News Release

FINRA Fines Deutsche Bank Securities $7.5 Million for Negligent Misrepresentations Related to Subprime Securitizations

WASHINGTON — The Financial Industry Regulatory Authority (FINRA) announced today that it has fined Deutsche Bank Securities Inc. $7.5 million for negligently misrepresenting delinquency data in connection with the issuance of subprime securities.

FINRA found that Deutsche Bank Securities negligently misrepresented and underreported the percentages of mortgages that were delinquent in the prospectus supplements of six subprime residential mortgage backed securities (MBS) issued in 2006. The firm also failed to correct errors by a third party vendor and servicers, which underreported the historical delinquency rates of the mortgages in connection with its offer and sale of 16 additional subprime MBS issued in 2007. Further, Deutsche Bank Securities failed to establish a system to supervise its reporting of required historical delinquency information.

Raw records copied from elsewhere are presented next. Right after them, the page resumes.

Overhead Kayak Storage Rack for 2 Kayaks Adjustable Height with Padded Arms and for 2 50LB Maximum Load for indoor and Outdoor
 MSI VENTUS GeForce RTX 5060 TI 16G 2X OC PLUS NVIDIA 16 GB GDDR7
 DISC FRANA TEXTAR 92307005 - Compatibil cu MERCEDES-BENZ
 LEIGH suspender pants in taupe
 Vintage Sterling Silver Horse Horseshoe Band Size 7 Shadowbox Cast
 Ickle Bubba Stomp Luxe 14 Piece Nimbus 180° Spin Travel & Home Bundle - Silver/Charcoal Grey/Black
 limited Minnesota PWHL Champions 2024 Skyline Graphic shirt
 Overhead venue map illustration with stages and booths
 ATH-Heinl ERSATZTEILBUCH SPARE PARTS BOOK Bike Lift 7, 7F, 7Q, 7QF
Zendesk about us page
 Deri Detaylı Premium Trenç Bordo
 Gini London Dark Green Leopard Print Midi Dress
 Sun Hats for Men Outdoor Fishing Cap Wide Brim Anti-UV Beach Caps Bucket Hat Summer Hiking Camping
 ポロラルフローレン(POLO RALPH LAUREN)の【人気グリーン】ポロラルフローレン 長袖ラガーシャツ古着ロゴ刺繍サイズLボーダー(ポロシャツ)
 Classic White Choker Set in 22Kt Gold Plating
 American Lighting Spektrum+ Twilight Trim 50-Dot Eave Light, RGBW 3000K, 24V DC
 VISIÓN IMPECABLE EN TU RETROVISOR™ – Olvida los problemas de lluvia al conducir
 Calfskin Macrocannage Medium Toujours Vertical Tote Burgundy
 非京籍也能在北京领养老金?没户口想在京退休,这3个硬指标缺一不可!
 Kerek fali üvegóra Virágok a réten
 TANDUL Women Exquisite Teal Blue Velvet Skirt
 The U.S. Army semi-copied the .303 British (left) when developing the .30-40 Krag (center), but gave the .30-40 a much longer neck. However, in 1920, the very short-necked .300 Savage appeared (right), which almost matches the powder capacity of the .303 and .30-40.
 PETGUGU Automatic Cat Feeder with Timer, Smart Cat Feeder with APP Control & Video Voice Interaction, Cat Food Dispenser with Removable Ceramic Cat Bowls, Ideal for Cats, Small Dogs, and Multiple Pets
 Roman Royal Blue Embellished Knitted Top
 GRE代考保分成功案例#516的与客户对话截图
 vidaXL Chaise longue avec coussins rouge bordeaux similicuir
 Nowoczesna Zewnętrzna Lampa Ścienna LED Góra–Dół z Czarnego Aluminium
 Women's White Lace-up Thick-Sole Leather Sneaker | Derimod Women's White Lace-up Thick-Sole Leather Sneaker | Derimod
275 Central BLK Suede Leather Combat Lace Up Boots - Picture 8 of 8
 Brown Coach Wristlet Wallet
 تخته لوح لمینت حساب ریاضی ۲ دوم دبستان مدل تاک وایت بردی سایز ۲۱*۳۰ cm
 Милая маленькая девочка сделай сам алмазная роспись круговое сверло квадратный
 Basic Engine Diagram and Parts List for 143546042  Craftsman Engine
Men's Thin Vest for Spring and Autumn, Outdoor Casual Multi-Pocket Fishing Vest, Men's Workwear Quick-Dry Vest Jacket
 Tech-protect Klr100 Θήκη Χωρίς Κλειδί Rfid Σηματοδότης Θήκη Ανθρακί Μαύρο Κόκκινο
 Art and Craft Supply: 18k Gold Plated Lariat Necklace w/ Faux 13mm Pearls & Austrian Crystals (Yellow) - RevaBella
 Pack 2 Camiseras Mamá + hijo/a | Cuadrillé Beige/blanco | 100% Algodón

"It is critically important that firms provide accurate information for their customers to use in evaluating investments," said James S. Shorris, FINRA Executive Vice President and Acting Chief of Enforcement. "Future returns on subprime securitizations are affected by mortgage holders who fail to make loan payments. Delinquency rates constitute material information for investors. Deutsche Bank Securities' failure to ensure that the delinquency information was accurate is an unacceptable failure to meet this important obligation."

Delinquency rates constitute material information for MBS investments because that data affects the investor's ability to evaluate the fair market value, the yields on the certificates and the anticipated holding periods of each of these securitizations. Investors may consider this information in assessing the profitability of these securitizations and in determining whether future returns would be disrupted by mortgage holders who fail to make loan payments.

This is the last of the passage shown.